Background. Field Marshal Gerd von Rundstedt, Wehrmacht Commander of Army Group A during the Battle of France, said, “Dunkirk was one of the greatest turning points of the war.”

The filmmaker missed a beckoning opportunity to concoct a classic cinematic montage that would portray the frenetic activity of British naval personnel and subjects fueling and preparing private boats that could sail the forty miles from Ramsgate to France, and return with soldiers. En route was an armada of eight hundred self-propelled vessels—the “little ships of Dunkirk.” It was a mélange of trawlers, pleasure yachts, fishing boats, dinghies, Thames ferries, lifeboats, automobile ferries, and tugboats. Included also were Belgian fishing boats, Irish motor torpedo boats, and Dutch coasters.

The last scene in Dunkirk shows a rescued British soldier riding in a train, looking at a newspaper. He spots a transcript of Winston Churchill’s famous “Miracle of deliverance” speech to the House of Commons on 4 June 1940—”We shall fight on the beaches…we shall never surrender.” This was the most famous speech of the war. It boosted British subjects’ sagging morale and encouraged them to carry on. To my serious disappointment, the soldier read aloud this hallmark speech. How pedestrian.

Nolan missed another golden opportunity to salvage a smidgen of this flawed film’s ambiance. After the surfeit of death and destruction that suffused through this epic, it ought to have ended on a high point, a capstone. Consider a scene that would show the “little ships” flotilla closing on the English coast. On the sound track is Winston Churchill delivering his “Miracle of deliverance” oration. Didn’t happen.

The special effects in Dunkirk are spectacular. I wonder, however, if less technology and more plot and cinematic design would have produced a more tolerable film.

FIN

Complete text of Winston Churchill’s “Miracle of deliverance” speech to the House of Commons on 4 June 1940—the last day of the Dunkirk evacuation.

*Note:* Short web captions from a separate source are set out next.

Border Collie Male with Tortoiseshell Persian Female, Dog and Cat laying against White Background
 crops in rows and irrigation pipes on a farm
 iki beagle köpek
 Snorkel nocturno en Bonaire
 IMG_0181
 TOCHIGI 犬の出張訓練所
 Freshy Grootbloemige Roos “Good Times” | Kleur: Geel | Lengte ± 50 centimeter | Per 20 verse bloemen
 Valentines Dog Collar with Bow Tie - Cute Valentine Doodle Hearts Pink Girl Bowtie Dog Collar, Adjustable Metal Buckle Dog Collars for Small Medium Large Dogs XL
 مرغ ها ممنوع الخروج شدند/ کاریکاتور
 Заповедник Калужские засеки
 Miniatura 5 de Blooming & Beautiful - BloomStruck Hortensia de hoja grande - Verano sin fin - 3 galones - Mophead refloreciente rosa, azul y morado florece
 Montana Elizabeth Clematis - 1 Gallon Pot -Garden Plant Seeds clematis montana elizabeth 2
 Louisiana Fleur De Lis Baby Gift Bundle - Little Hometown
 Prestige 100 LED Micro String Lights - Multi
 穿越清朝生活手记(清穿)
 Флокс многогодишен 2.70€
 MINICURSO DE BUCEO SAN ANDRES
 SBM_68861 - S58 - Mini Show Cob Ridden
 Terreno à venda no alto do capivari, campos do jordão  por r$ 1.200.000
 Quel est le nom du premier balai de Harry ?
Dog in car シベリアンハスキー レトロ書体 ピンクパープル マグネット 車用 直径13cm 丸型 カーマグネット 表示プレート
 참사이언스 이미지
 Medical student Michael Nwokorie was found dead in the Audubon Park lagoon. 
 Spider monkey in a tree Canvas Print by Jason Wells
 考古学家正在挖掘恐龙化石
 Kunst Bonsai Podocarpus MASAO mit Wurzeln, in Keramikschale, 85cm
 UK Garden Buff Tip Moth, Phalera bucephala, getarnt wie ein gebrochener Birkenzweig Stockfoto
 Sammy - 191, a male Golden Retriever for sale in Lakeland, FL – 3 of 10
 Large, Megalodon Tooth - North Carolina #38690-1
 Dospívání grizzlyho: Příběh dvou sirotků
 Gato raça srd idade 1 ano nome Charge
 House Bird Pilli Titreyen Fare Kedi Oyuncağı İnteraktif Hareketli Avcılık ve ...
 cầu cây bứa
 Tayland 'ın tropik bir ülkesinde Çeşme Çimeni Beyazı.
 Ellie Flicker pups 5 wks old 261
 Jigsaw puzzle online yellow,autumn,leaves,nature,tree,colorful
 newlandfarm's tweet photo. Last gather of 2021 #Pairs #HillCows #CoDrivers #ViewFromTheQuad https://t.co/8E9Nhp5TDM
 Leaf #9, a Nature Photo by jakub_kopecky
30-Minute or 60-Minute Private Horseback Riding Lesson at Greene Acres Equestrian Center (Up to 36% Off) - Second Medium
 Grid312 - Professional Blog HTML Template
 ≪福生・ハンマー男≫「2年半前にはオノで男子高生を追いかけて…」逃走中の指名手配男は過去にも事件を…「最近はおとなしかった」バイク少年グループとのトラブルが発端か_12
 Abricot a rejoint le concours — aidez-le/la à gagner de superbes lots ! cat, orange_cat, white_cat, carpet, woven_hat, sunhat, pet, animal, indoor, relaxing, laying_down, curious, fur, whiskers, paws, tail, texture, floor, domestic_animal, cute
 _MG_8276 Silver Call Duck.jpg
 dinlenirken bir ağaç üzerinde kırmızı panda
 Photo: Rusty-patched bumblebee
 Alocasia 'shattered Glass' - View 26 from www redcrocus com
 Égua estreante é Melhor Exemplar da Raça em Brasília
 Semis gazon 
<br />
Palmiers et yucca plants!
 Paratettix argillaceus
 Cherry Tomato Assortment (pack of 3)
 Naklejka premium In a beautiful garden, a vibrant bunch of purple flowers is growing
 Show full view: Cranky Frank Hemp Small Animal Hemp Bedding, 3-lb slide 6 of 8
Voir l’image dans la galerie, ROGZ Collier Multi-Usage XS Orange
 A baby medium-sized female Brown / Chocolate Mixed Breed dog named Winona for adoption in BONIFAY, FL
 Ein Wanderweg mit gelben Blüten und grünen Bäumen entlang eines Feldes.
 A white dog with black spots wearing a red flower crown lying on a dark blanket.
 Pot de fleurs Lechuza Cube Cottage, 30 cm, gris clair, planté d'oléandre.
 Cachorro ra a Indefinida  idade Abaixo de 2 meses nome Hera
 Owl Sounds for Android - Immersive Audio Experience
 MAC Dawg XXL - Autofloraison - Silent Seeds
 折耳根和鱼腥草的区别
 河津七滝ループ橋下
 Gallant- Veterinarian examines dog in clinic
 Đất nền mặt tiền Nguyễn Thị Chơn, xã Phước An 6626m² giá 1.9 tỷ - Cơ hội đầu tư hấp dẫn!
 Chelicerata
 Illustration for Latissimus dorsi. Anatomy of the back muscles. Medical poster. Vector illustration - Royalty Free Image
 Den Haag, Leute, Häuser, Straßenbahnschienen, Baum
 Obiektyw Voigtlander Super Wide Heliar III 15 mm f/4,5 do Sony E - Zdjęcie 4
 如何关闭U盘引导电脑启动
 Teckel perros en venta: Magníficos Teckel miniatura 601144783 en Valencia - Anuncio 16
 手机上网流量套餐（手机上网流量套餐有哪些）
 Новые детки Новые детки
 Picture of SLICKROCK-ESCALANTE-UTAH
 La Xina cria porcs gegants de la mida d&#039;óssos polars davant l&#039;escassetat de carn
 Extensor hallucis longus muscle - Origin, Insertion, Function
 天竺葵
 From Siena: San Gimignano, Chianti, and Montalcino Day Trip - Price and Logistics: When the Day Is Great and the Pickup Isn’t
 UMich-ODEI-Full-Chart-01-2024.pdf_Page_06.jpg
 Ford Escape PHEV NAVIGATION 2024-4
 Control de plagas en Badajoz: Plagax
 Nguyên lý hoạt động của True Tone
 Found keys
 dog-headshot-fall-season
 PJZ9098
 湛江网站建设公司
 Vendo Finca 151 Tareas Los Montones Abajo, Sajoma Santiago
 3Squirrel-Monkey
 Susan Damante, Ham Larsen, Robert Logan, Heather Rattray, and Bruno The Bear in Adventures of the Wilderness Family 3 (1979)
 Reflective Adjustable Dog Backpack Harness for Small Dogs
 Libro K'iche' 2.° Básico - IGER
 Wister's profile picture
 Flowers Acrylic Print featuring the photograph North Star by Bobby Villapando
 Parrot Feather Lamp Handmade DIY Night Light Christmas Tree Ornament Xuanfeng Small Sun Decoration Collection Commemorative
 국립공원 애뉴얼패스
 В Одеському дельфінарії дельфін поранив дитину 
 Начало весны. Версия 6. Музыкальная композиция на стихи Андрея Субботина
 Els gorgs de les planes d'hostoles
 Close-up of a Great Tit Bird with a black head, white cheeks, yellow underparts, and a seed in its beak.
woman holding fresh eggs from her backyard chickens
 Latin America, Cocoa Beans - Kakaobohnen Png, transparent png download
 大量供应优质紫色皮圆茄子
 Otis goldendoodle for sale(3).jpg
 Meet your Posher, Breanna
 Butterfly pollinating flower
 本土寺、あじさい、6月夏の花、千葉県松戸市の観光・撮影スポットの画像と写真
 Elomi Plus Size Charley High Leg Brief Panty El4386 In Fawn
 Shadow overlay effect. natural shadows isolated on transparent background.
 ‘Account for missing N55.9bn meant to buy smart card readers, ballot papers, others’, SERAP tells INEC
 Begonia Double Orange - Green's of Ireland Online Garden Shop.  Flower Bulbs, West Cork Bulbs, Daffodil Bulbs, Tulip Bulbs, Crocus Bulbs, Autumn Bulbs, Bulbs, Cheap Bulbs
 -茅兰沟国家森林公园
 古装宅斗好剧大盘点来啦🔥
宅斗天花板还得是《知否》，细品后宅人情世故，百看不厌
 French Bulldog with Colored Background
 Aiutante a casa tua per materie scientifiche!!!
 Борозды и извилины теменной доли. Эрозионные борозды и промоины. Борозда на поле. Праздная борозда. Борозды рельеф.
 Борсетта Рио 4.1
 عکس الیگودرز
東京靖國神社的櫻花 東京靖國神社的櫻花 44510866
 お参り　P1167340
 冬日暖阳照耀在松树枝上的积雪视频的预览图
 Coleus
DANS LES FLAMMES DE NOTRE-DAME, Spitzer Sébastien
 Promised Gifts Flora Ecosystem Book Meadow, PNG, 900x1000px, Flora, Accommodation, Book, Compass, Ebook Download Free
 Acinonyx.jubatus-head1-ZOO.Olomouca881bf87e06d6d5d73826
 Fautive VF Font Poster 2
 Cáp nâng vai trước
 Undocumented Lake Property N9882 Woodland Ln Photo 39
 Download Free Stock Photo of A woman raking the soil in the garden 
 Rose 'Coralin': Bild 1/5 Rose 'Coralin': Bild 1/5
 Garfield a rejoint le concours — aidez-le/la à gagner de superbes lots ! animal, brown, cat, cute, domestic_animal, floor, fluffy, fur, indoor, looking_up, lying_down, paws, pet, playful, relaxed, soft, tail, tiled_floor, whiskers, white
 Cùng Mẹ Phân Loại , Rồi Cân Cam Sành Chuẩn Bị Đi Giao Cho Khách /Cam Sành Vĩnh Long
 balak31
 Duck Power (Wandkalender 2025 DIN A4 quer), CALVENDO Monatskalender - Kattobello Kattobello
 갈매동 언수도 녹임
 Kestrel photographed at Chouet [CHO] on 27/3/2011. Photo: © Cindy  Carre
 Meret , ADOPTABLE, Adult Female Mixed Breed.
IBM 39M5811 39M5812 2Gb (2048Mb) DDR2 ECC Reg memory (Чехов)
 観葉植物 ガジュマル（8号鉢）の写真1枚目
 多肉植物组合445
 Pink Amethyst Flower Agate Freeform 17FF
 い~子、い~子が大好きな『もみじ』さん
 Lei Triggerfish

”We shall go on to the end, we shall fight in France, we shall fight on the seas and oceans, we shall fight with growing confidence and growing strength in the air, we shall defend our Island, whatever the cost may be, we shall fight on the beaches, we shall fight on the landing grounds, we shall fight in the fields and in the streets, we shall fight in the hills; we shall never surrender.”